Elegance, sexuality, technology, nature, science fiction, history – the influences on the works in this exhibition are as varied as they are fantastic. They take the senses by storm and leave the intellect craving more. They are fabulous, found-object, fibre-frenetic fun.

Created in 1987 by sculptor Suzie Moncrieff, the Wearable Art Awards have put Nelson on the international cultural map. It is the one icon of Kiwi culture, of Kiwi ingenuity, which can rival rugby (allow me this small exaggeration!) in the passion and attention it provokes.

The Montana New Zealand Wearable Arts is not about high fashion – though many of the works far outstrip the standards of Parisian haut couture in beauty. Neither is it about high art – though some will find the works more palatable in the Art Gallery setting than the most expensive pile of bricks. No! When you pare away the hyperbole it is about having a go... the same ethic that won the Americas Cup... the same belief that beats in every Kiwi heart that I am as good as the next person and, given the diminished value of the New Zealand dollar, a whole lot more imaginative and resourceful than most.

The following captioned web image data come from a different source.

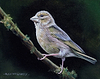 Greenfinch III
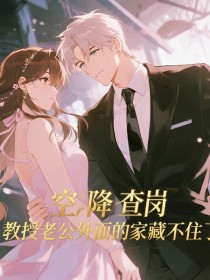 小说：姜明《空降查岗，教授老公外面的家藏不住了》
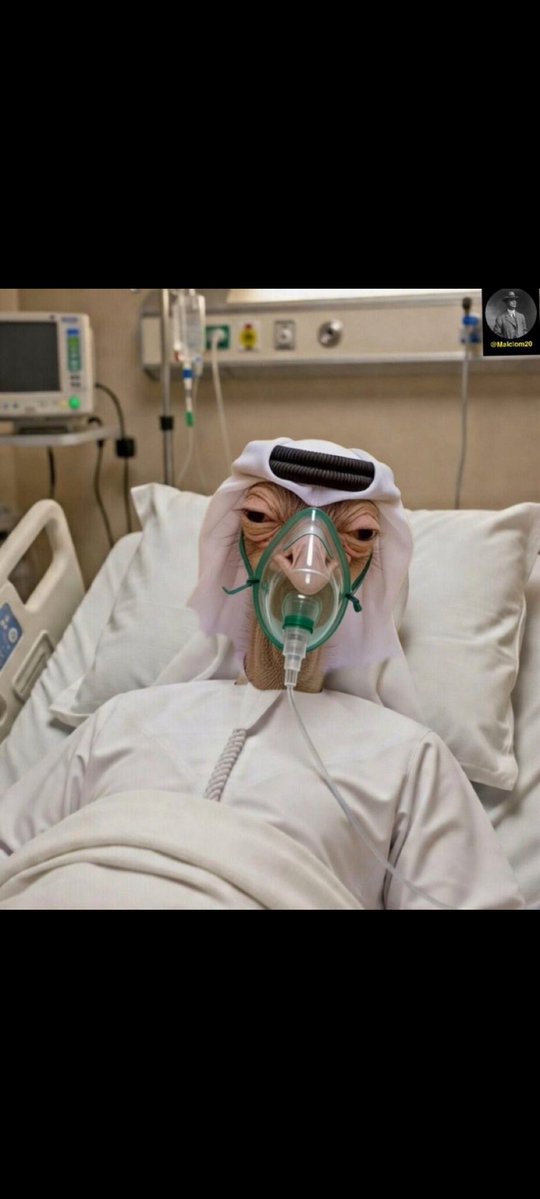 ابو الكرم tweet media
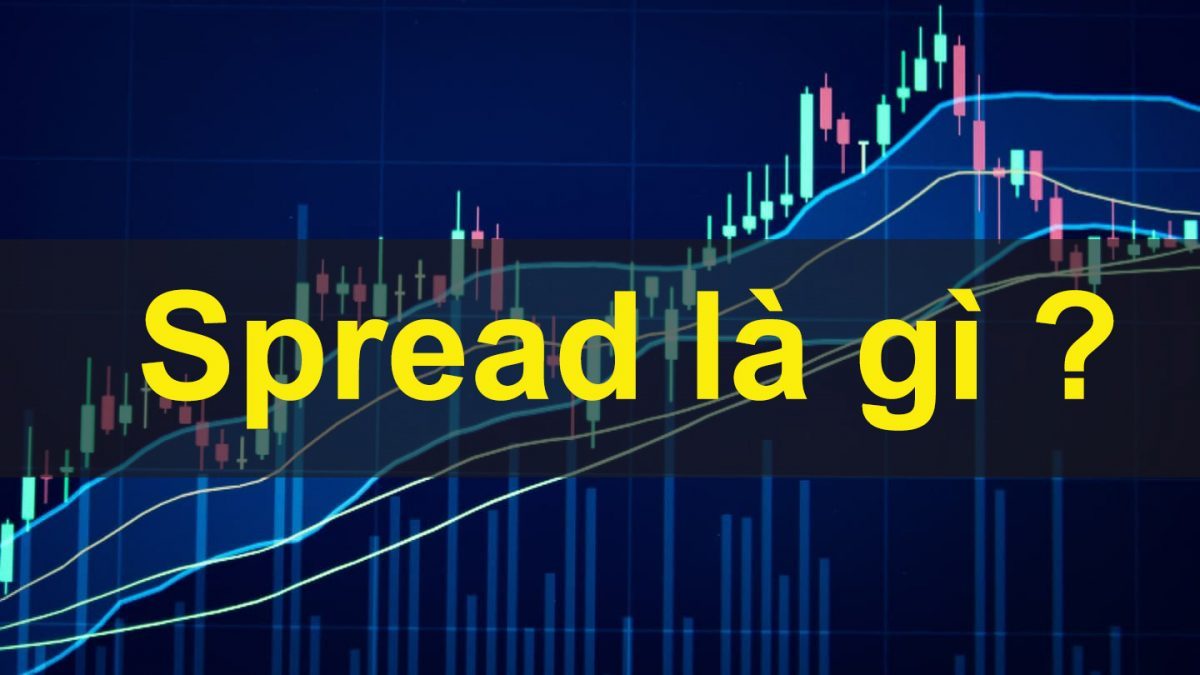 Spread.jpg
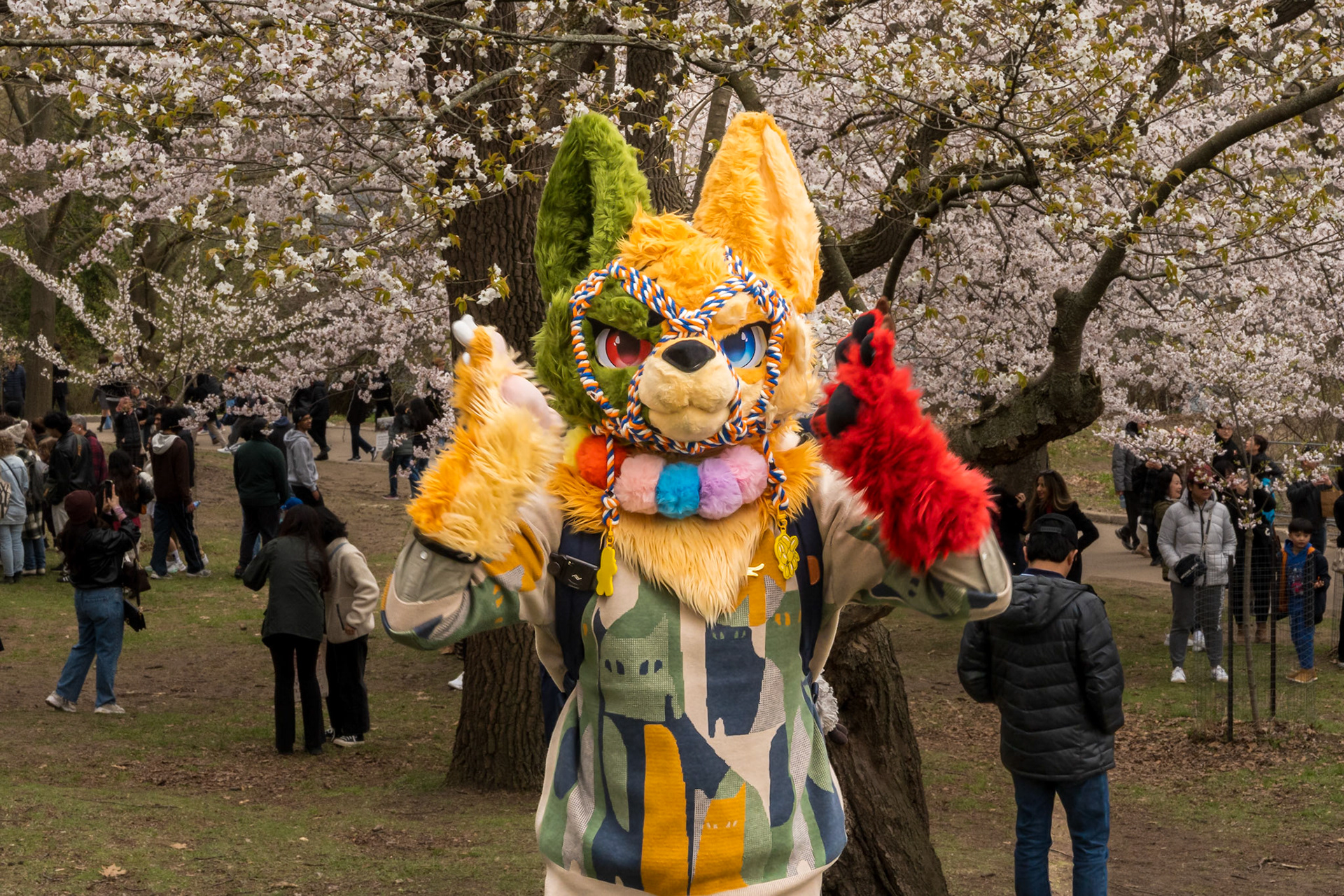 High Park 4.0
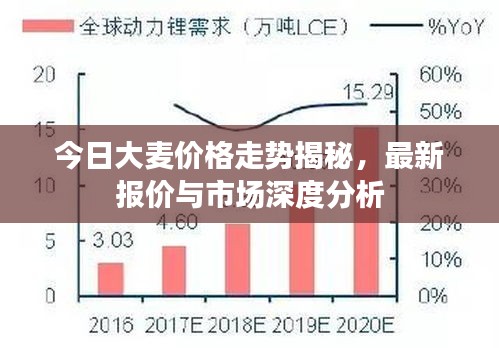 今日大麦价格走势揭秘，最新报价与市场深度分析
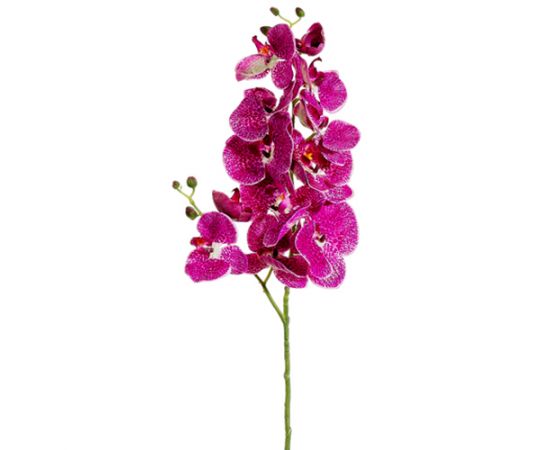 FSO124-OC/CR 34" Silk Phalaenopsis Orchid Flower Spray -Orchid/Cream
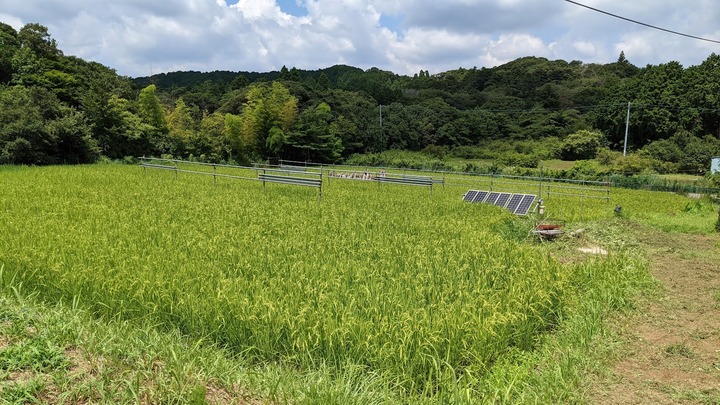 0731今日の田んぼ2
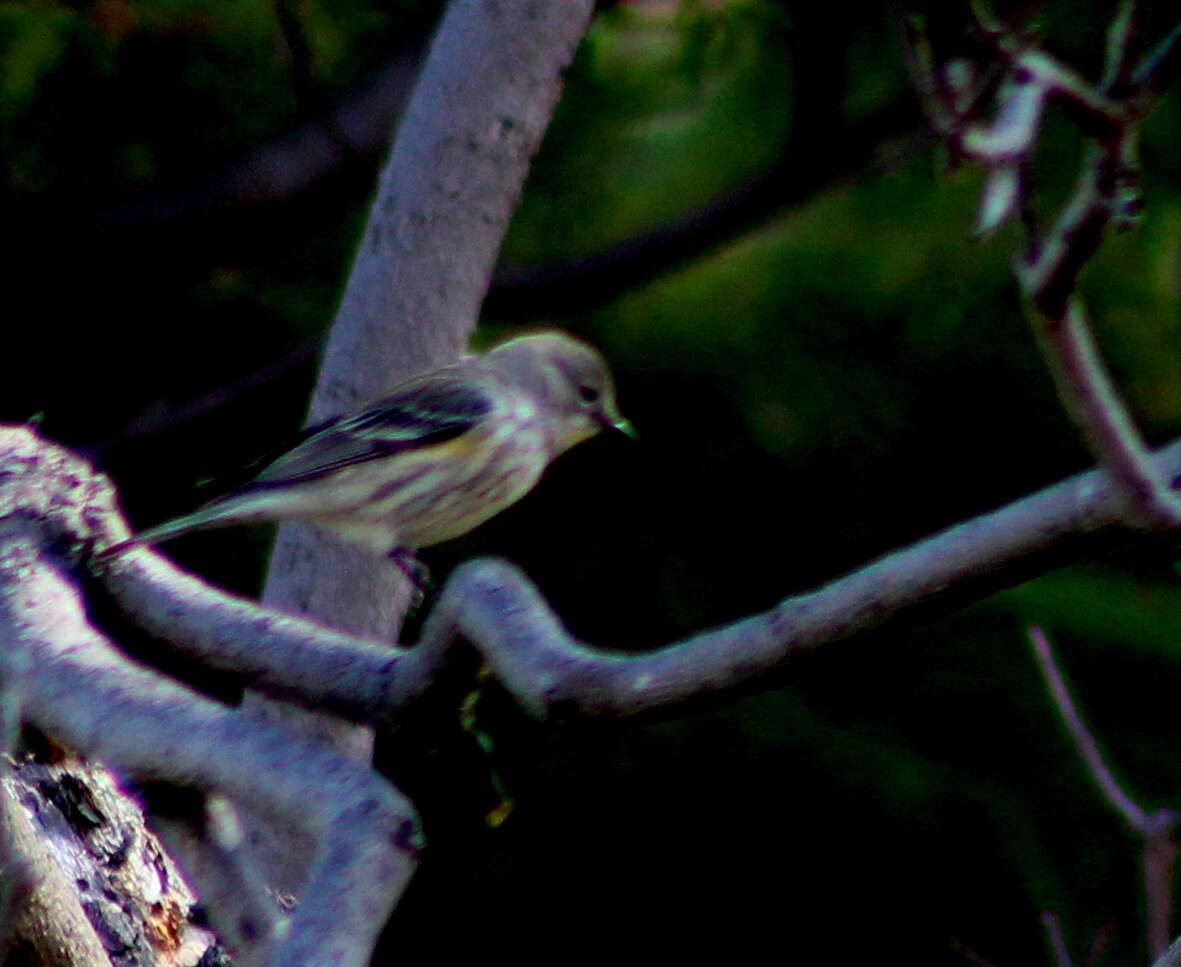 Image of Myrtle Warbler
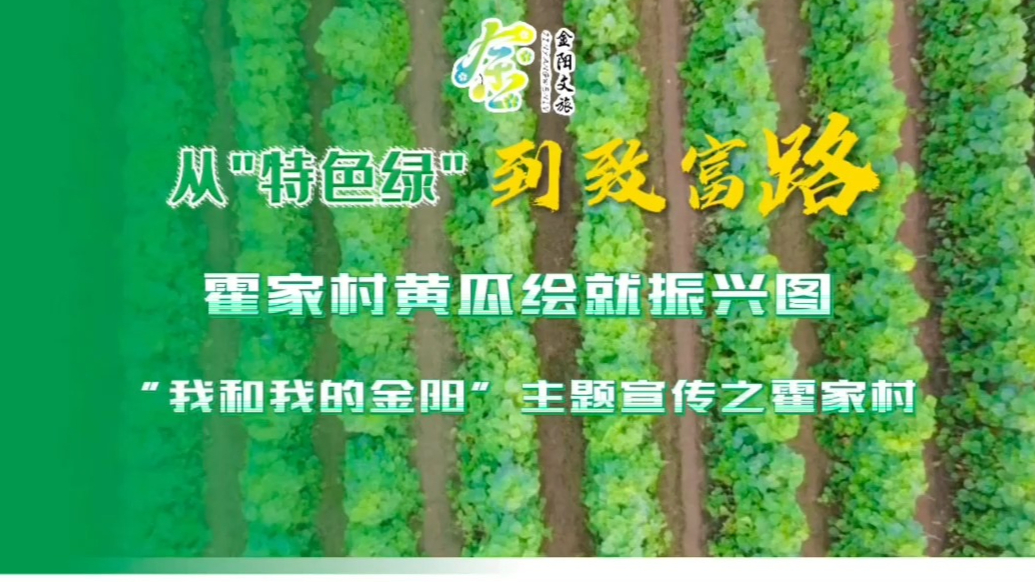 从“特色绿”到致富路 霍家黄瓜绘就振兴图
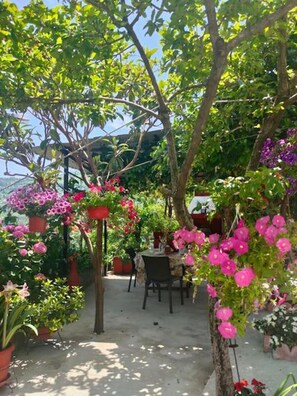 Outdoor dining - Hara's  House  Pelion (Makrirrachi)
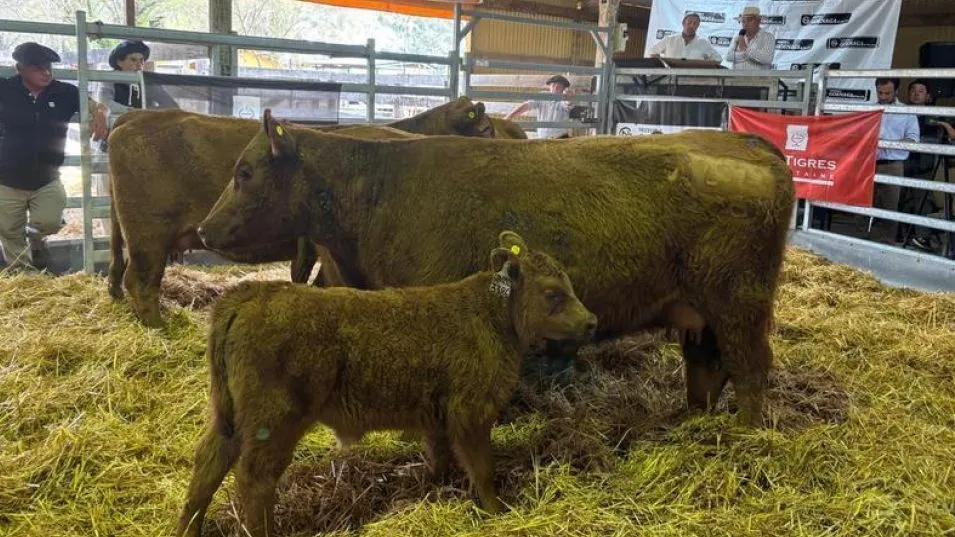 Las vacas paridas de Los Tigres que se distinguieron en Azul. 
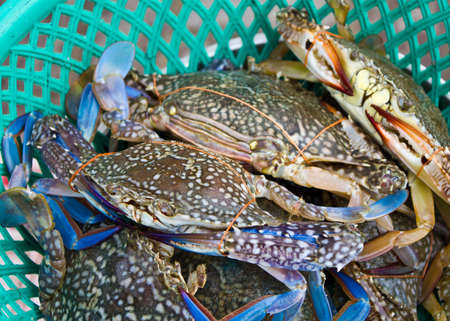 Fresh raw flower crab or blue crab in the market, Thailand の写真素材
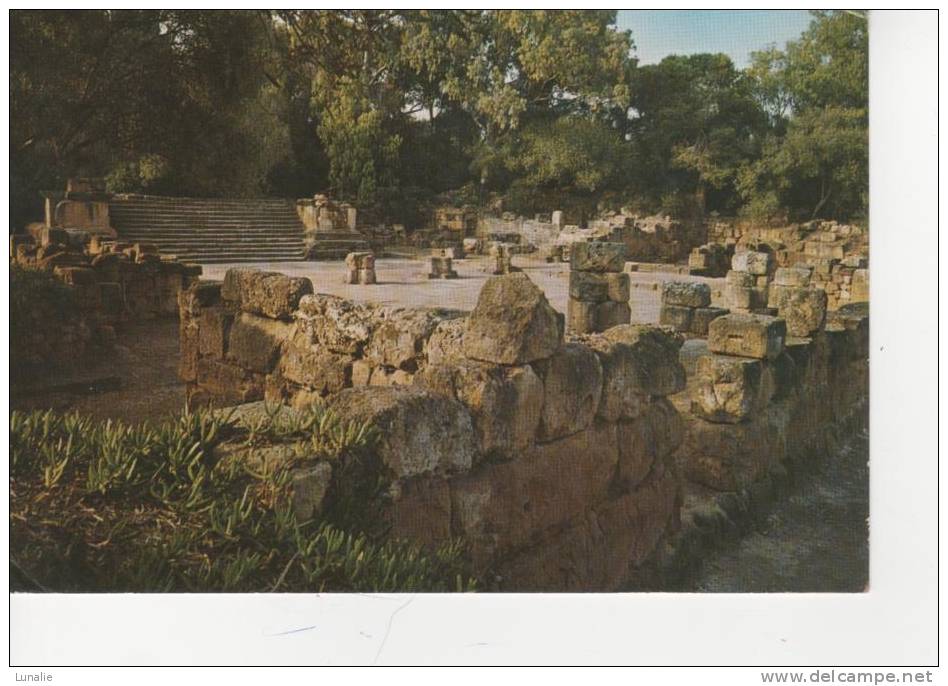 TIPAZA - les ruines
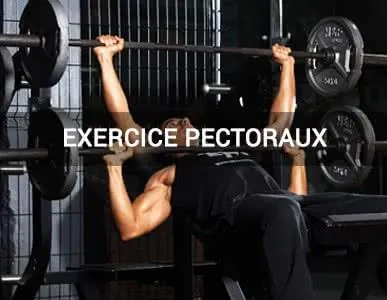 Exercices pectoraux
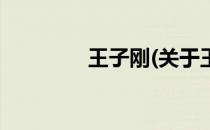 王子刚(关于王子刚的简介)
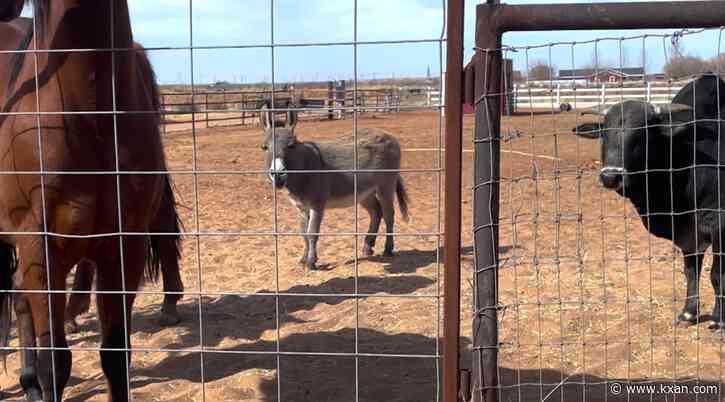 West Texas donkey is looking for love this Valentine's Day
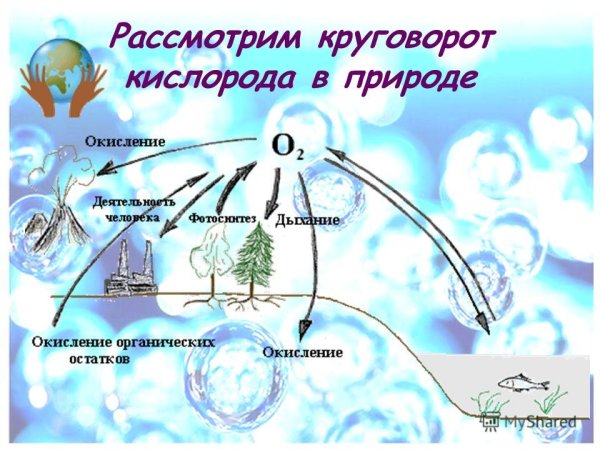 Кислород презентация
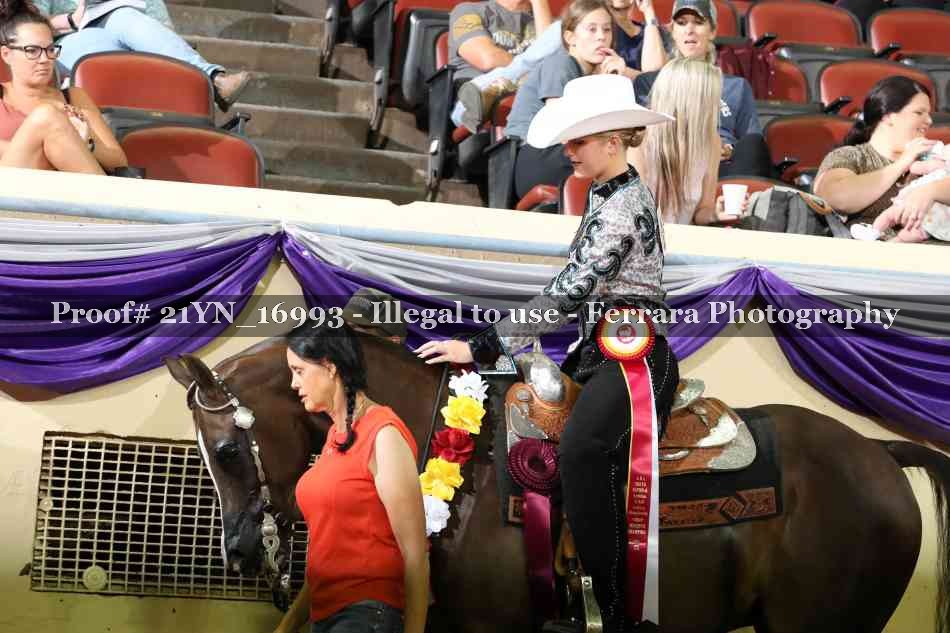 Proof Number 21YN_16993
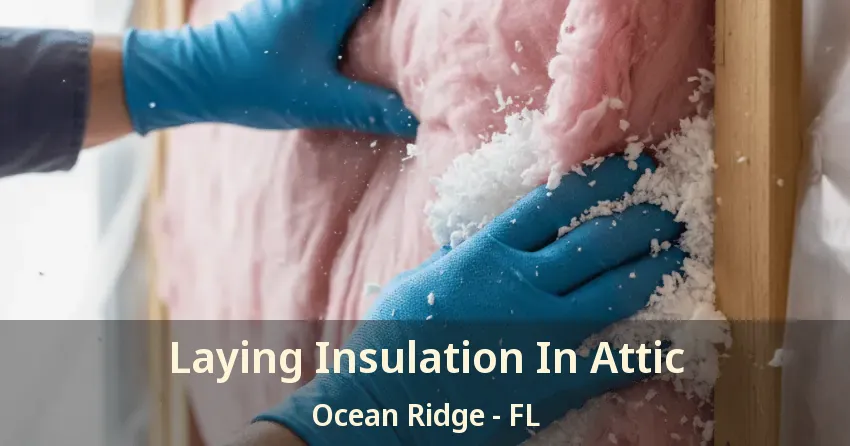 Laying Insulation In Attic Ocean Ridge - FL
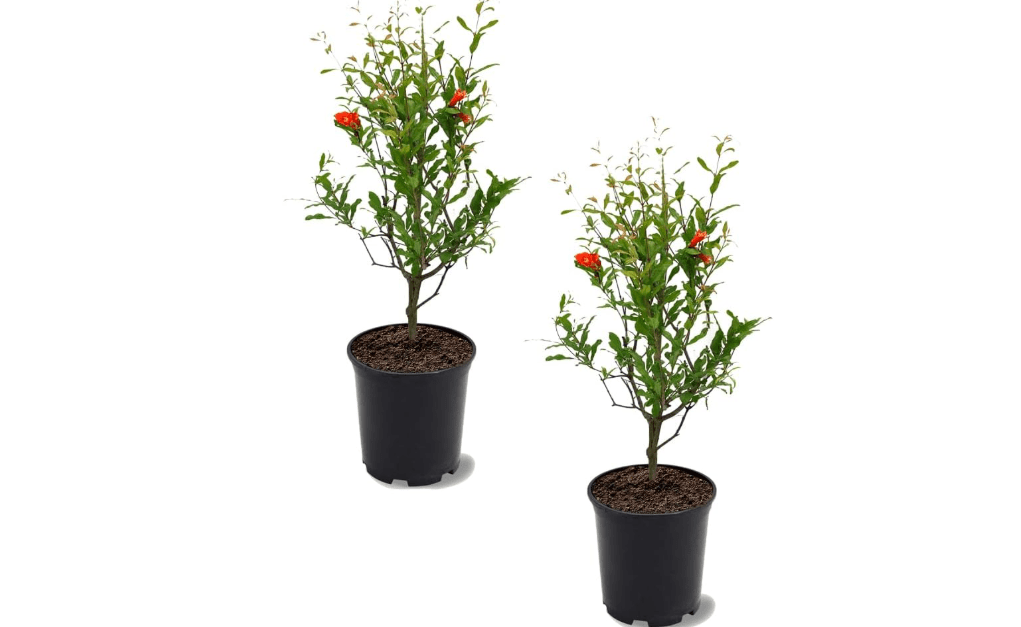 
Parfianka Pomegranate Tree, Fruit Bearing, Hardy, 1 gal Nursery Pot, 12-18 in Tree Height (Due to Agricultural Laws, we Cannot Ship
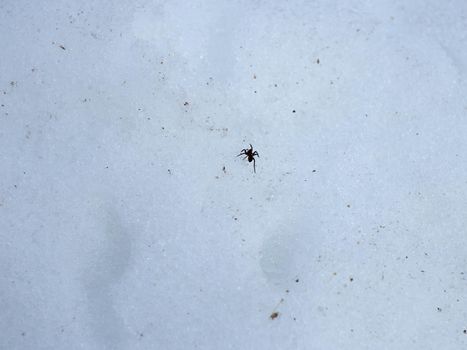 Black spider on white snow. Woke up from winter hibernation on a spring day.
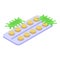 Pills antibiotic resistance icon, isometric style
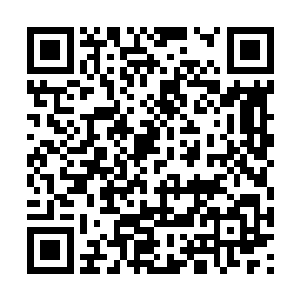 并不打算搀和进去的流墨墨只招呼众人横移了出去二维码生成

A youthful passion for the Jetsons grows into adulthood; an unaccountable excess of Telecom handsets or CD discs; a West Coast passion for driftwood and natural fibres; the brazen, brutal femininity of Zena – weird and diverse are the fuels that fire the passions of these designers. Dried sausage skins, paua shells, car parts, flax and plastic are de rigeur. The unforgettable papier mache creations of Donna Demente guarantee her immortality – who would have dreamed that this humble material, shaped by many of us in childhood around balloons (for some long, and thankfully, forgotten purpose), could be so successfully moulded in evocative, dreamlike beauty.

The exhibition has evolved over two years. Brought to the public first by Te Papa as Off The Body and Onto The Wall, the exhibition benefited from the addition of some of the more spectacular pieces from the 1998 Awards when it opened last summer at Auckland Museum. The exhibition when it arrives in Christchurch from Dunedin will be enormously enhanced by the addition of three new works from the recent 1999 Awards. One of these - Superminx, a fantastic, feline creation of twin animated thrones made of possum fur, velvet, lycra and plywood, will be on show by special and exclusive arrangement for the opening days of the exhibition only.

The exhibition, to be opened by Suzie Moncrieff, will be a multi-media, son-et-lumiere spectacular. For anyone who has seen Craig Potton's book, Wearable Art, Design for the Body, the exhibition will be an absolute must. For those fortunate few who have attended one or more of the Awards shows, this exhibition will be a breathtaking overview of these annual Nelson events. For everyone else (who knows?) the exhibition may in time become a cherished memory. In today's world even Todd Blackadder can only see it in Nelson, like every other Kiwi. In tomorrow's world Montana New Zealand Wearable Arts Awards, conqueror of this global culture, may become an international event on the scale of Mardi Gras.

Ronnie Kelly

This exhibition was held at the Robert McDougall Art Gallery in the Botanic Gardens.